* _WHAT TO DO_: The answer should contain only the lines from the beginning of the entries through the line that holds "A cancer patient", given again exactly, with no pictures.
▼▼▼
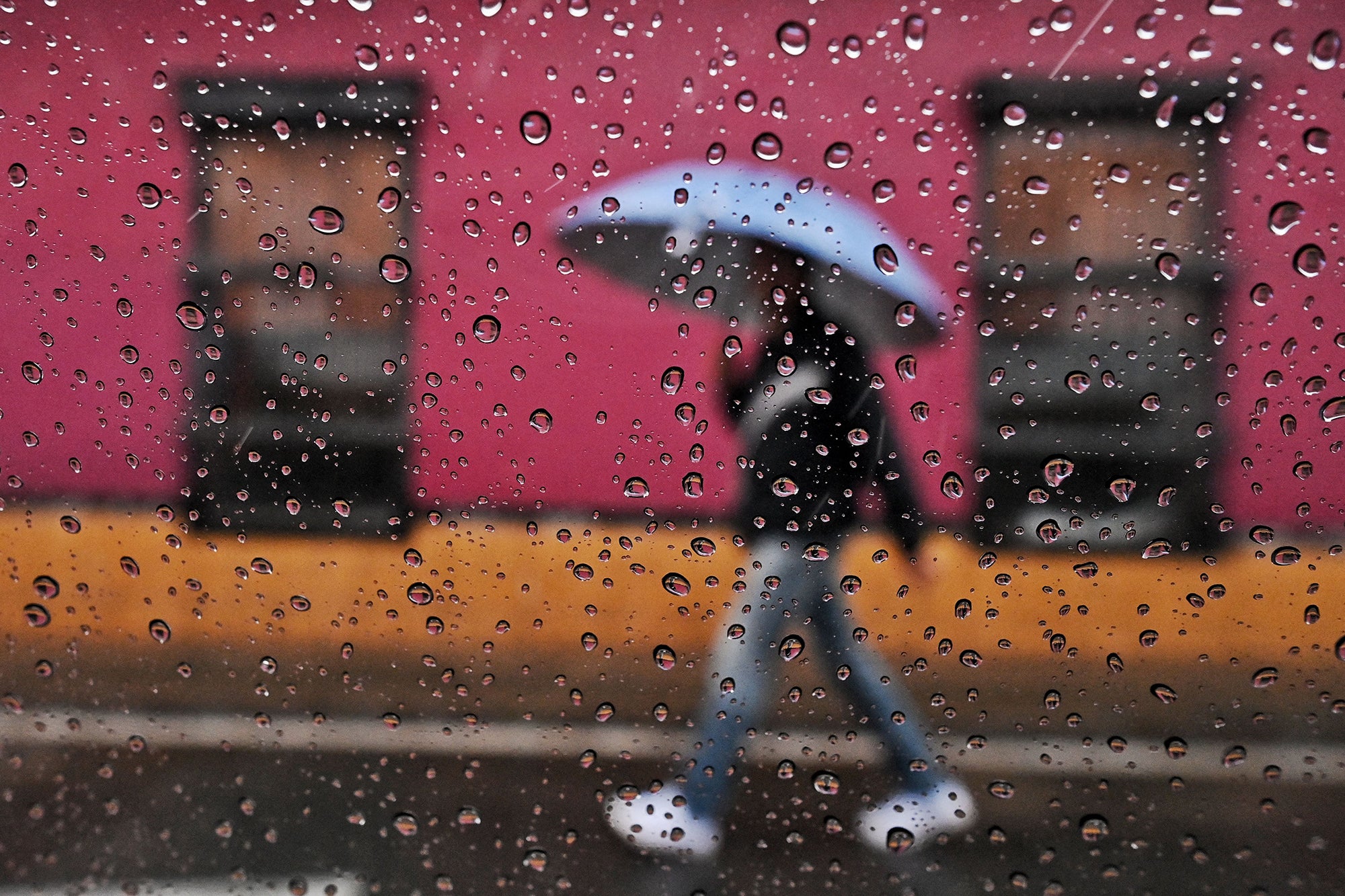 A photograph focused on water droplets on a window, blurry in the background, a man walks holding an umbrella under the rain in front of a pink and yellow wall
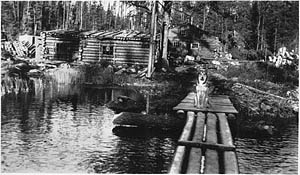 Lumber camp sauna with a lantern in the window, Perry A.C.R.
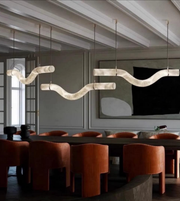 Modern dining room with wavy pendant lights and brown chairs.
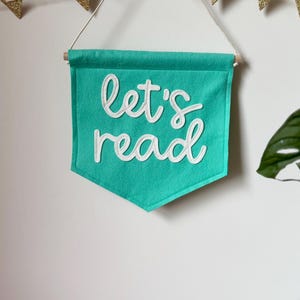 Może przedstawiać: Turkusowy baner z filcu z białym napisem "let's read". Baner jest zawieszony na białej ścianie ze sznurkiem złotych flag z brokatem.
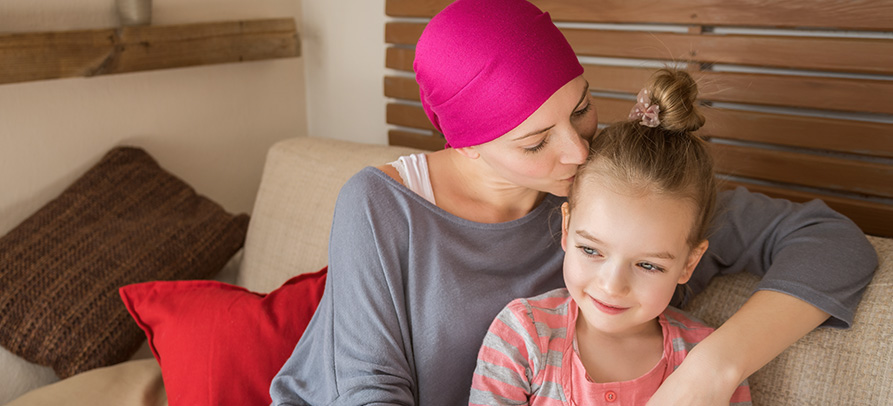 A cancer patient kisses her daughter on the head
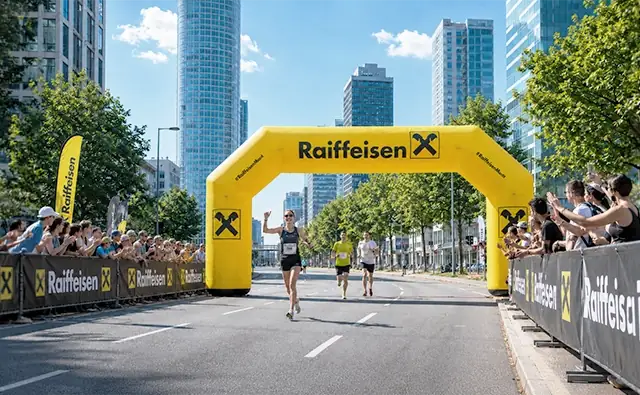 Läuferinnen und Läufer starten bei einem Stadtmarathon unter einem gelben Raiffeisen-Bank-Torbogen.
▲▲▲
* _ANSWER SPACE_:
 A photograph focused on water droplets on a window, blurry in the background, a man walks holding an umbrella under the rain in front of a pink and yellow wall
 Lumber camp sauna with a lantern in the window, Perry A.C.R.
 Modern dining room with wavy pendant lights and brown chairs.
 Może przedstawiać: Turkusowy baner z filcu z białym napisem "let's read". Baner jest zawieszony na białej ścianie ze sznurkiem złotych flag z brokatem.
 A cancer patient kisses her daughter on the head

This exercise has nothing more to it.